Hello everyone! So about 2 months ago, we rescued a rabbit that had been released by one of our neighbors. A total of 4 were released, but we only managed to capture one, our now precious baby, Mocha. To our surprise, Mocha was a very pregnant bun, and a few days later gave birth to 6 incredibly cute babies. Unfortunately, 7 bunnies is just way too much for us to handle, and we've been trying to find good forever homes for them. We've contacted our local Rabbit Society through facebook, and the girl informed me she couldn't advertise bunnies that weren't in their care, but did add me and share my post about the bunnies on her personal facebook to see if she could help. I submitted a form in order to get the bunnies accepted, although I specified that I'd be perfectly fine keeping them with me while homes are found for them. I haven't received a response so far. The bunnies are 60 days old today, and they are incredibly sweet. They are not yet spayed/neutered as they are not old enough, but we will be doing that ASAP, if they aren't rehomed first. They are not yet fully litter trained, although we are working on it, and have high hopes for them!

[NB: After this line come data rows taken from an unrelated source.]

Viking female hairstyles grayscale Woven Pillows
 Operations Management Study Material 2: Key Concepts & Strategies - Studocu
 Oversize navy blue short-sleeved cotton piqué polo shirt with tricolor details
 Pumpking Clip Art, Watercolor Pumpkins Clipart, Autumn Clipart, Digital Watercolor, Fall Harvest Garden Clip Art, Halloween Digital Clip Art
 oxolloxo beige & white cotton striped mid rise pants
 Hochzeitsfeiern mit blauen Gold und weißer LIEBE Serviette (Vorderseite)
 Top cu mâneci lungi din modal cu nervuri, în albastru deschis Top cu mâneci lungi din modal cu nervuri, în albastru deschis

Their mom is exceptionally good at only pooping and peeing in her litter box, so we expect the bunnies will probably be pretty good too! There are (I believe) 3 boys and 3 girls. 4 ruby eyed white buns, 1 black and white bun, and 1 brown and white bun. Like I said they are all very sweet, and anyone who is in Georgia (Gainesville area) is welcome to come visit to see if they want one! You're still welcome to visit at your own expense if you live farther away! Of course, as per the suggestion of all the rehoming guides I've read, an adoption fee of $20 dollars will apply before I'll give them away. I would also like to ask some questions to any prospective bunny parents to make sure they won't be set loose like their mom was. I'm willing to travel to deliver the baby(ies) if it's a for sure adoption, but only within a reasonable distance of Gainesville, GA. Below are two albums I uploaded a while back with pictures of the buns!

http://imgur.com/gallery/qSZCB

http://imgur.com/gallery/8QLi2

TL;DR: Mom bunny rescued. Was pregnant. Giving away some of the babies. $20 adoption fee and questions will be asked. bunnies pictured above.


----------